= Read-Only Slaves/Writable Master and Database Sharding

Sequel has support for read only slave databases
with a writable master database, as well as database sharding (where you can
pick a server to use for a given dataset).  Support for both
features is database independent, and should work for all database adapters
that ship with Sequel.

== The :servers Database option

Both features use the :servers Database option.  The :servers option should
be a hash with symbol keys and values that are either hashes or procs that
return hashes. These hashes are merged into the Database object's default
options hash to get the connection options for the shard, so you don't need
to override all options, just the ones that need to be modified.  For example,
if you are using the same user, password, and database name and just the
host is changing, you only need a :host entry in each shard's hash.
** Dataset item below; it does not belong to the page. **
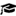 畢業(yè)辦理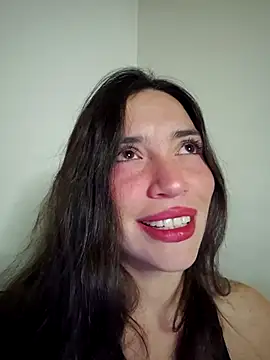 loveuu-bae online show from 09-27-25, 12:59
Note that all servers should have the same schema for all
tables you are accessing, unless you really know what you are doing.
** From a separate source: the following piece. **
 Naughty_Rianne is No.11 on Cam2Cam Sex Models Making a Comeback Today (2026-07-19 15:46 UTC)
== Master and Slave Database Configurations

=== Single Read-Only Slave, Single Master

To use a single, read-only slave that handles SELECT queries, the following
is the simplest configuration:

  DB=Sequel.connect('postgres://master_server/database', \
    :servers=>{:read_only=>{:host=>'slave_server'}})

This will use the slave_server for SELECT queries and master_server for
other queries.

=== Multiple Read-Only Slaves, Single Master

Let's say you have 4 slave database servers with names slave_server0,
slave_server1, slave_server2, and slave_server3.

  DB=Sequel.connect('postgres://master_server/database', \
    :servers=>{:read_only=>proc{|db| {:host=>db.get_slave_host}}})
  def DB.get_slave_host
    @current_host ||= -1
    "slave_server#{(@current_host+=1)%4}"
  end

This will use one of the slave servers for SELECT queries and use the
master_server for other queries.  It's also possible to pick a random host
instead of using the round robin approach presented above, but that can result
in less optimal resource usage.

=== Multiple Read-Only Slaves, Multiple Masters

This involves the same basic idea as the multiple slaves, single master, but
it shows that the master database is named :default.  So for 4 masters and
4 slaves:

  DB=Sequel.connect('postgres://master_server/database', \
    :servers=>{:read_only=>proc{|db| {:host=>db.get_slave_host}}, \
      :default=>proc{|db| {:host=>db.get_master_host}}})
  def DB.get_slave_host
    @current_slave_host ||= -1
    "slave_server#{(@current_slave_host+=1)%4}"
  end
  def DB.get_master_host
    @current_master_host ||= -1
    "master_server#{(@current_master_host+=1)%4}"
  end
  
== Sharding

There is specific support in Sequel for handling master/slave database
combinations, with the only necessary setup being the database configuration.
However, since sharding is always going to be implementation dependent, Sequel
supplies the basic infrastructure, but you have to tell it which server to use
for each dataset.  Let's assume a simple scenario, a distributed rainbow
table for SHA-1 hashes, sharding based on the first hex character (for a total
of 16 shards).  First, you need to configure the database:

  servers = {}
  (('0'..'9').to_a + ('a'..'f').to_a).each do |hex|
    servers[hex.to_sym] = {:host=>"hash_host_#{hex}"}
  end
  DB=Sequel.connect('postgres://hash_host/hashes', :servers=>servers)
  
This configures 17 servers, the 16 shard servers (/hash_host_[0-9a-f]/), and 1
default server which will be used if no shard is specified ("hash_host").  If
you want the default server to be one of the shard servers (e.g. hash_host_a),
it's easiest to do:

  DB=Sequel.connect('postgres://hash_host_a/hashes', :servers=>servers)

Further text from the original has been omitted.